# taz.de -- Drastische Zinserhöhung in der Türkei: Kampf dem Kursverfall
       
       > Befreiungsschlag der türkischen Notenbank: Um die Entwertung der Lira zu
       > bremsen, erhöht die Bank die Zinsen. Die Märkte reagieren positiv.
       
 (IMG) Bild: Aufatmen in Istanbuls Finanzdistrikt: Prompt ist der Wert der Lira um zehn Prozent gestiegen.
       
       ISTANBUL rtr | Mit einer drastischen Zinserhöhung stemmt sich die türkische
       Notenbank gegen den Kursverfall der heimischen Währung Lira. Gegen den
       erklärten Widerstand von Regierungschef Recep Tayyip Erdogan hob sie den
       Leitzins am späten Dienstagabend überraschend deutlich von 4,5 auf 10,0
       Prozent an. Damit soll der Abfluss an ausländischem Kapital gestoppt
       werden, der die Lira auf ein Rekordtief zum Dollar gedrückt hatte.
       
       Die Märkte reagierten weltweit positiv auf die Entscheidung. In Asien
       legten die Börsen zu, der Dax in Frankfurt sowie der EuroStoxx50 starteten
       ebenfalls fester in den Handel. Durch den Zinsschritt in der Türkei seien
       die Sorgen um die Folgen einer Drosselung der Dollarflut für die
       Schwellenländer etwas in den Hintergrund gedrängt worden, sagte ein
       Händler. Der Wert der türkischen Lira stieg im Vergleich zum Wochenbeginn
       um rund zehn Prozent auf. Ein Dollar kostete 2,1680 Lira. Am Montag mussten
       noch 2,39 Lira bezahlt werden.
       
       Die Währungshüter um ihren Chef Erdem Basci setzten ihren Willen gegen
       erheblichen politischen Widerstand durch. „Ich bin gegen eine
       Zinserhöhung“, hatte Ministerpräsident Erdogan noch kurz vor der
       Krisensitzung der Zentralbank gesagt.
       
       Auch Medien übten Druck aus. „Bleibt standfest, hebt nicht an“, appellierte
       die regierungsnahe Zeitung Yeni Safak auf ihrer Titelseite an die
       Zentralbanker. Sie wirft der „Zinslobby in New York und London“ vor, die
       Lira nach unten geprügelt zu haben und damit die Zentralbank zu erpressen.

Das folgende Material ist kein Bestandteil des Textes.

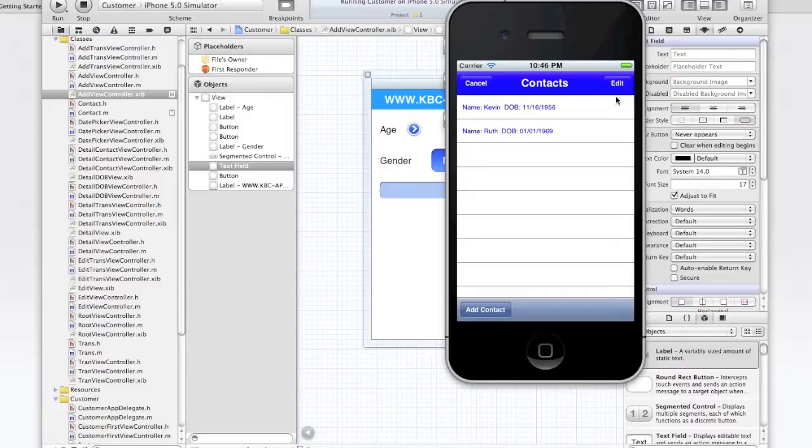We then call add contact method in the app delegate which will call the add contact method in the contact class. And then it will add the object to the array. We then dismiss the add view controller and reload the data on the table view and the view will appear in the root view controller method.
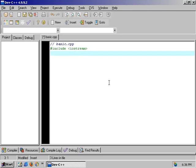New line: using namespace std, followed by a semicolon.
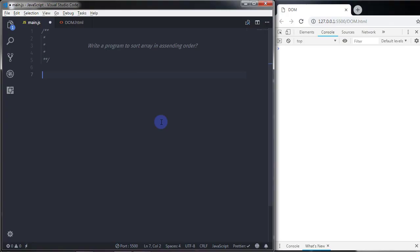Hey everyone, welcome back to daily tuition. In this tutorial, we are going to write the program to sort an array in ascending order. In the previous video, we had learned how to get the minimum and maximum value from an array element. In this video, we are using minimum and maximum number to sort an array.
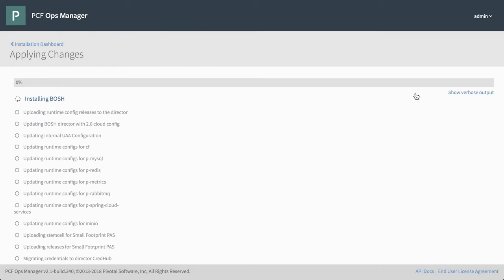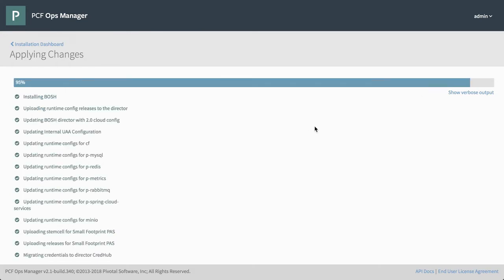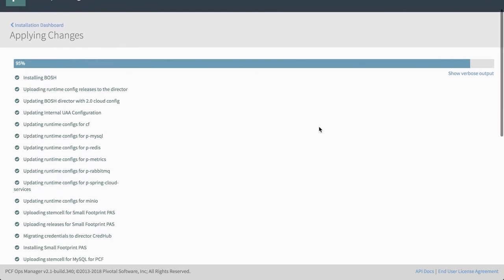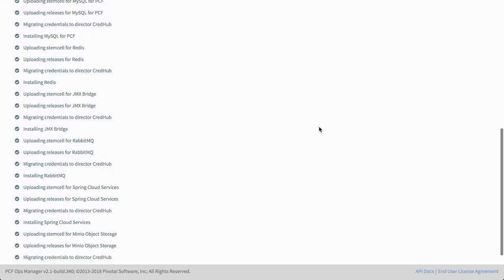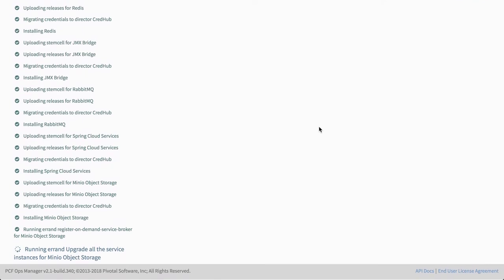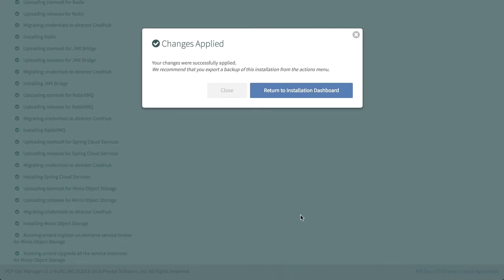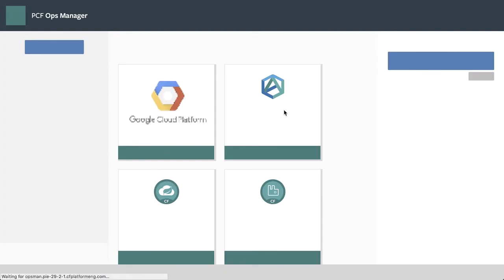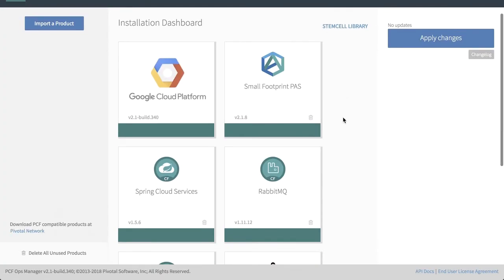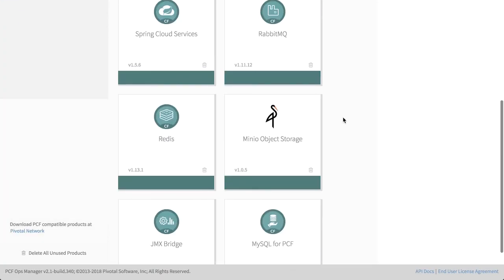And for the sake of time, we'll just fast forward this and skip ahead. As you can see, we're just about finished here at 95%. And if we scroll down and have a look, we can see that we're on our final task. And our changes have completed. So we'll return to the installation dashboard. And if we scroll down and have a look, we can see everything's green and we're all good to go.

       Erdogan räumte aber auch ein: „Ich habe nicht die Befugnis, mich bei der
       Zentralbank einzumischen“, sagte er. Sie sei „für alles verantwortlich, was
       nun entstehen könnte“.
       
       ## Zinsanstieg ist ein „zweischneidiges Schwert“
       
       Die höheren Zinsen machen es für ausländische Geldgeber attraktiver, ihr
       Geld in der Türkei anzulegen. Das wiederum stärkt die Lira. Bei einer
       schwachen Währung droht eine höhere Inflation, weil die Türkei viele
       Rohstoffe und Waren importieren muss.
       
       Allerdings machen höhere Zinsen Kredite teurer, was Investition und Konsum
       und damit auch den Aufschwung bremsen kann. „Der extreme Zinsanstieg ist
       ein zweischneidiges Schwert“, sagte der Ökonom Nicholas Spiro vom
       Anlageberater Spiro Sovereign Strategy, das sich auf Staatsanleihen
       spezialisiert hat. „Es ist mehr als fraglich, ob die türkische Notenbank
       diese aggressive Geldpolitik angesichts der schwächeren Konjunktur und
       zweier wichtiger Wahlen in diesem Jahr fortsetzen kann.“
       
       Seit Erdogans Machtübernahme 2002 hat die Türkei einen beachtlichen
       wirtschaftlichen Aufstieg hingelegt. Sein autoritärer Führungsstil wird
       aber zunehmend kritisiert. Zudem wird Mitgliedern seiner Regierung
       Korruption vorgeworfen.
       
       Das alles hat ebenfalls bei ausländischen Investoren zu einem
       Vertrauensverlust geführt. Zur Finanzierung ihres Wirtschaftswachstums ist
       die Türkei, die mehr importiert als exportiert, stark von ausländischem
       Kapital abhängig.
       
       Die Zentralbank versucht mit ihrem aggressiven Schritt auch, Zweifel an
       ihrer Unabgängigkeit zu zerstreuen. Der Satz, zu dem sich die Banken über
       Nacht Geld bei ihr leihen können, wurde ebenfalls angehoben – und zwar von
       7,75 auf 12,0 Prozent. Experten hatten mit lediglich 10 Prozent gerechnet.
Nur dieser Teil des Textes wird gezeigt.